Da lange Zeit unklar war, ob man dieses Jahr überhaupt in den Urlaub fahren kann, ist deutlich weniger Reisegepäck verkauft worden, erklärt Martin Weiß, Inhaber des Lederwarenladens "Leder-Weiß". "Der Umsatz bei Reisegepäck ist um 90 Prozent zurückgegangen", so der Inhaber. Auch modische Handtaschen, die gerne zu Hochzeiten, Geburtstagen oder Theateraufführungen getragen werden, seien aktuell Ladenhüter. Viele seiner Waren sind deshalb momentan stark reduziert. Nach Ende der Rabatt-Aktion bekämen die Kunden die drei Prozent Nachlass an der Kasse abgezogen. "Gekauft werden momentan allerdings Schulartikel, wie Schulranzen", berichtet er. "An den Kindern wird nicht gespart."
Ampelsystem für Schweinfurts Läden
In die Läden gehen, um zu bummeln, ist momentan nicht ganz so einfach. Ob vier, sechs oder acht Personen – oftmals gibt es eine strikte Beschränkung, was die Anzahl an Kunden angeht. Dabei entscheidet die Verkaufsfläche der Geschäfte, wie viele Personen gleichzeitig in den Laden dürfen. Damit die Kundschaft auf den ersten Blick sieht, ob noch Platz im Laden ist, wurde am "HomeLiving" in der Schweinfurter Innenstadt ein Ampelsystem angebracht. Doch wie nützlich ist so eine Anzeige überhaupt?

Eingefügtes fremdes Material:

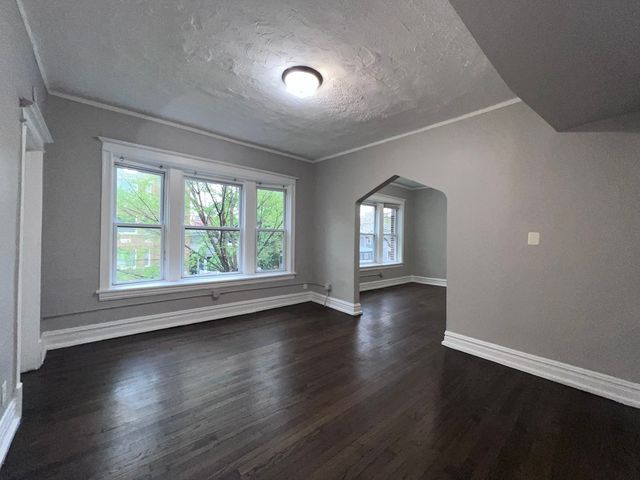 2707 E 78th Street 2W, Chicago, IL 60649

Bei einer Umfrage dieser Redaktion in der Schweinfurter Innenstadt wurde schnell klar: Die Ampel findet größtenteils Anklang. Die Schwestern Uschi und Brigitte Wehner aus Dittelbrunn finden die Idee gut. Sie berichten, dass sie innerhalb der letzten Wochen immer selbst gezählt haben, ob noch genug Platz zum Bummeln in den Läden ist. Dass das Ampelsystem auf den ersten Blick zeigt, ob das Geschäft noch betreten werden darf, finden beide hilfreich.
Der Schweinfurter Karl Heine teilt die Meinung der beiden Schwestern. Er findet, dass das Ampelsystem auch an anderen Geschäften hilfreich wäre. Doch es gibt auch Gegenstimmen. So sind einige Passanten der Meinung, dass die Ampel unnötiger Schnickschnack ist. "Die Leute achten da doch nicht mehr drauf", heißt es von Seiten der Ampelgegner. Die Ampel komme viel zu spät, denn: "Die Leute gehen jetzt schon viel zu locker mit den Corona-Regelungen um."

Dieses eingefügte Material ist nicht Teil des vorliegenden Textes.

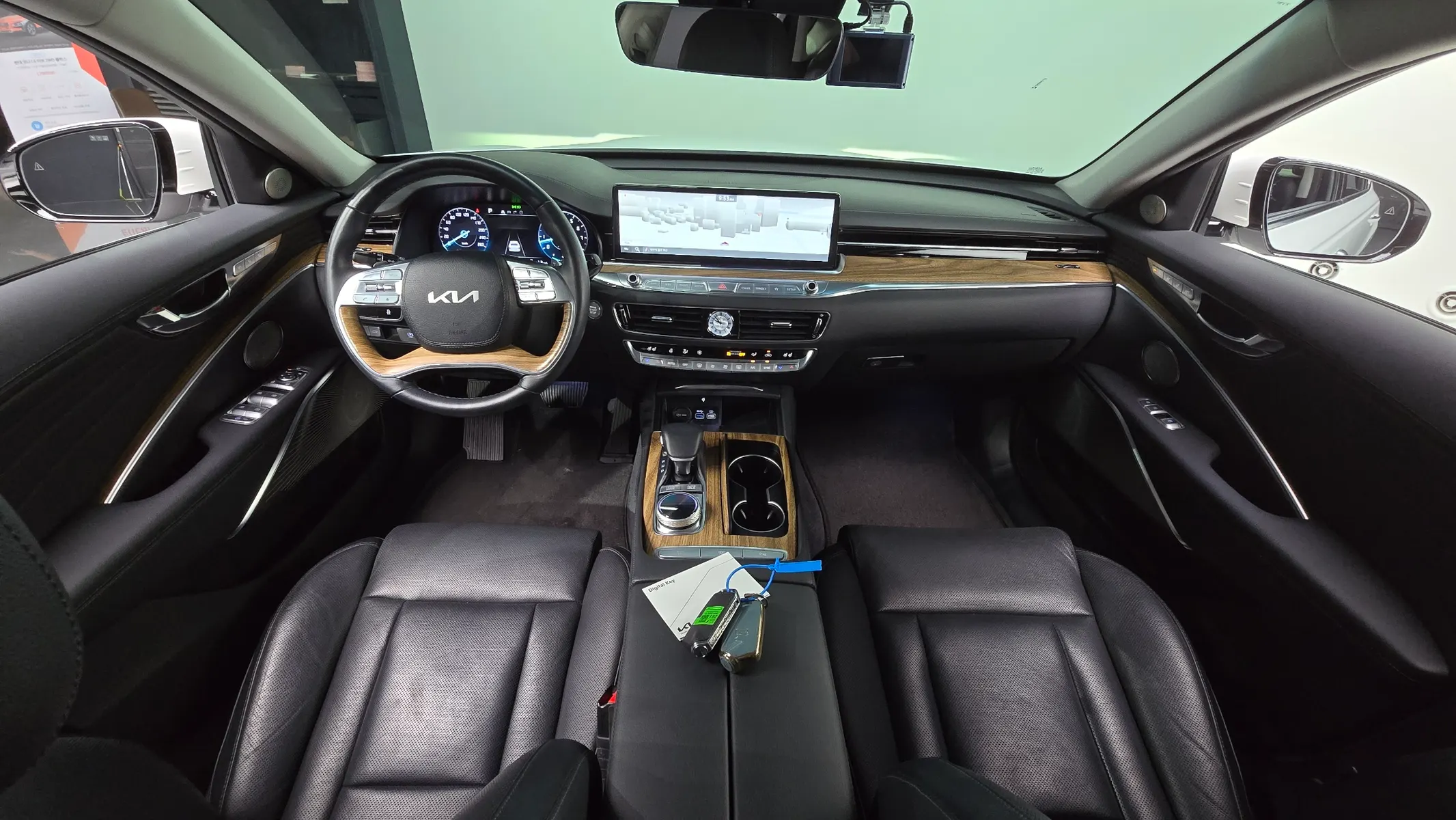 Kia K9 2 3.8 GDI AWD 2021 4/5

Viele Passanten weiterhin vorsichtig
Doch andere Passanten widersprechen. Man würde sich erst umkucken und dann eben warten, wenn bereits zu viele Personen in den Geschäften sind. Die Ampel rentiert sich, ist ein Passant der Meinung, denn: "Man vermeidet schon, in den Laden zu gehen, wenn er zu voll ist."